In a statement quoted on the Saudi Press Agency, the ministry said shooting erupted on Wednesday during the funeral of a person killed in what it described as a string of attacks earlier this week on security checkpoints in the province, where much of the kingdom`s Shi`ite minority lives.
The ministry earlier this week denied that Shi`ites had been killed by bullets fired by police in Qatif, an administrative unit of the province. In its statement on Thursday, the ministry said two people were killed and six wounded in those incidents.
"These casualties have occurred due to the exchange of gunfire with unknown criminal elements who have infiltrated among citizens, and are firing from residential areas and narrow streets," it said.
Echoing language it used after an attack on a police station in the eastern province last month, the ministry said: "The goal of those who provoke unrest is to achieve dubious aims dictated to them by their foreign masters."
The previous references to foreign meddling have been widely read to mean Shi`ite Iran, the Sunni-led kingdom`s rival for influence in the Gulf, which Sunni Arab monarchies in the region saw as the force behind unrest earlier this year in majority Shi`ite Bahrain.

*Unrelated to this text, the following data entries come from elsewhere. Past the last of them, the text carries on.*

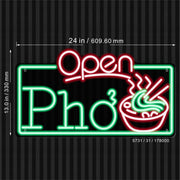 Open Pho Vietnam Noodles Ultra-Bright LED Sign with Remote (Neon-Style, LED Technology) - LED Gift Works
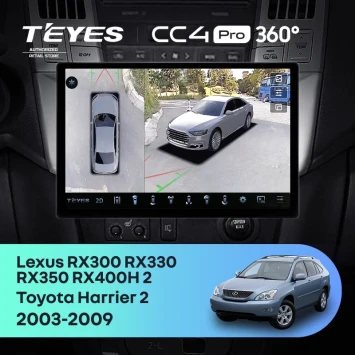 Штатная магнитола Teyes CC4 Pro 360 8/128 Toyota Harrier (2003-2009) F1 (13")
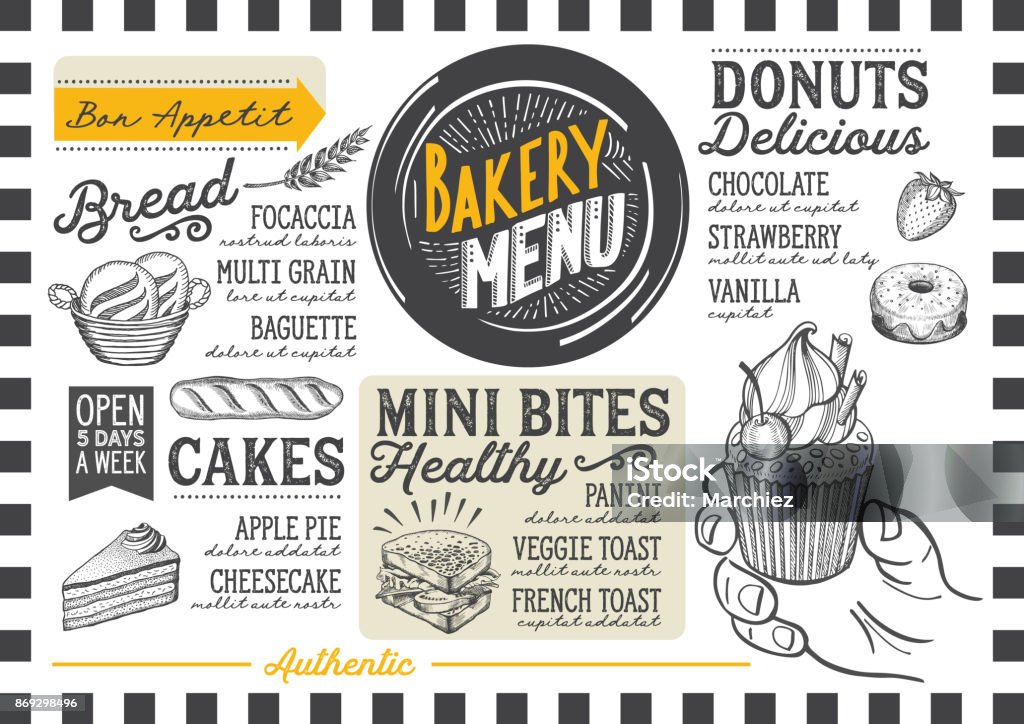 Bakery Menu Restaurant Food Template Stock Illustration - Download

Iran has denied repeated accusations that it is trying to destabilize Bahrain. It has dismissed an alleged plot that U.S. authorities said last month had implicated Iran`s security agencies in a plan to kill the Saudi ambassador in Washington.
Saudi Arabia has avoided mass protests that have led to the ouster of four Arab leaders this year, reacting to the unrest in the region by promising to spend some $130 billion on housing and other social benefits for its citizens.

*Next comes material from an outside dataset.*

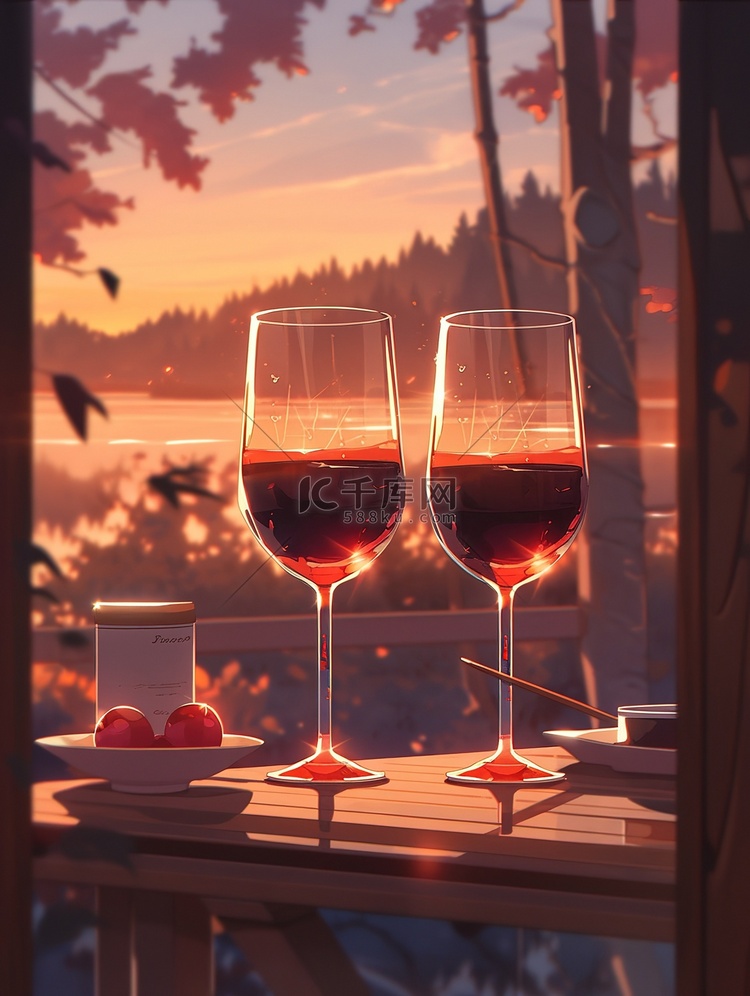 浪漫气氛红酒和酒杯3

LINKED BY BRIDGE TO STRIFE-HIT BAHRAIN
But small-scale protests have taken place in the province. Activists said authorities responded by deploying armed riot police and establishing checkpoints.

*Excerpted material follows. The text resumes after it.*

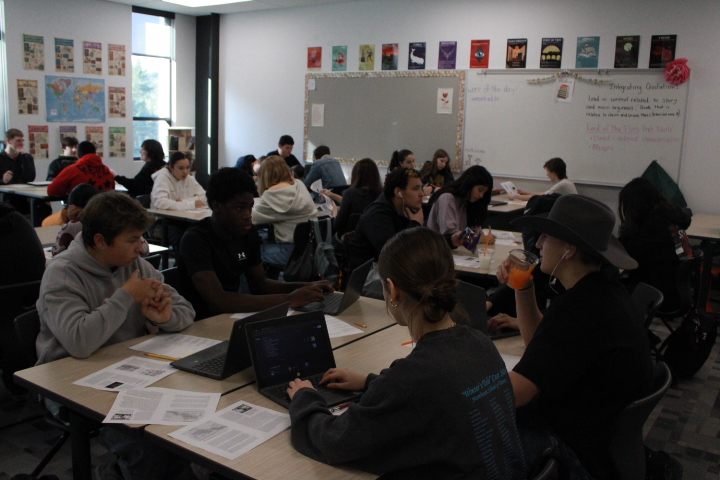 Students work on an assignments in Fiona Graham's class.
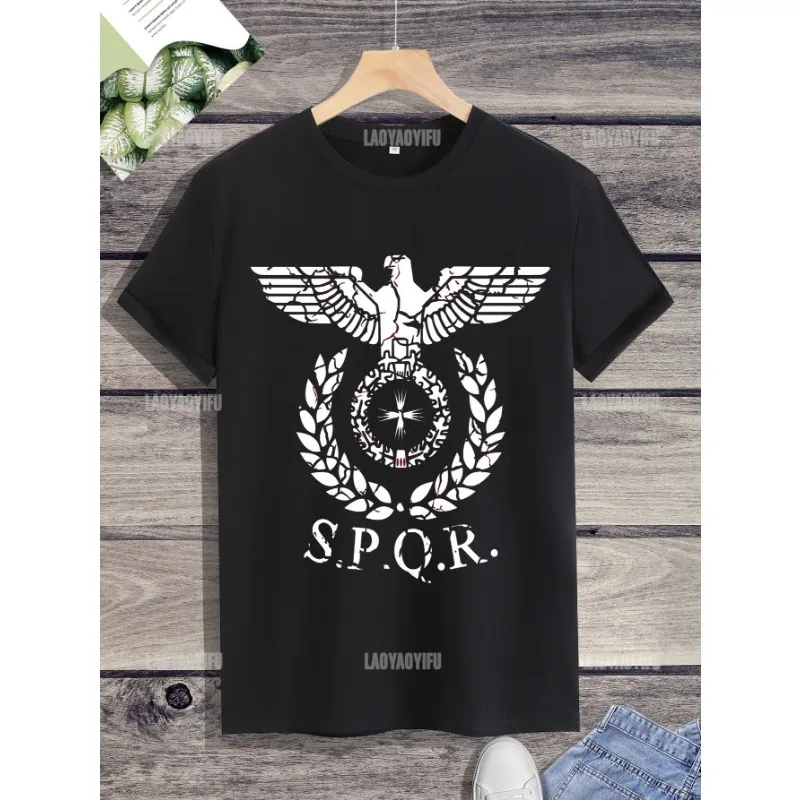 

Classical Roman History Carthago Delenda Est Latin Quote Tee Men Short Sleeve SPQR T Shirt Imperial Golden Eagle T-shirt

The province is the center of Saudi Arabia`s oil production facilities and is connected by a 16-mile causeway to Bahrain, where Riyadh sent troops earlier this year to help the fellow-Sunni government crush protests led by Shi`ites.
Saudi Shi`ites complain of systematic discrimination, neglect in public spending, and incitement against them in religious sermons and educational materials.
The kingdom, which is founded on an austere form of Sunni Islam and regards itself as the guardian of that faith, disputes this, and Saudi King Abdullah has appointed Shi`ite officials to advisory government bodies.
A Saudi activist said earlier this week that three people had been killed by gunfire in the region, including two he said were hit by police bullets during a protest march. Another activist said police had fired on protests in Qatif and the nearby town of Awamiya.
The ministry at that time said two people had died in incidents in the region, including a shooting at a police checkpoint near which tires had been set on fire, and said it would investigate the incidents.
In its statement on Thursday, the ministry said tires had been burned and roads blocked during the funeral that saw the most recent shootings, and said it was ready to crack down.
"It warns whoever deludes himself about violating order that he will be deterred strongly, and that the security forces in the area are fully authorized to deal with the situation and end these criminal actions."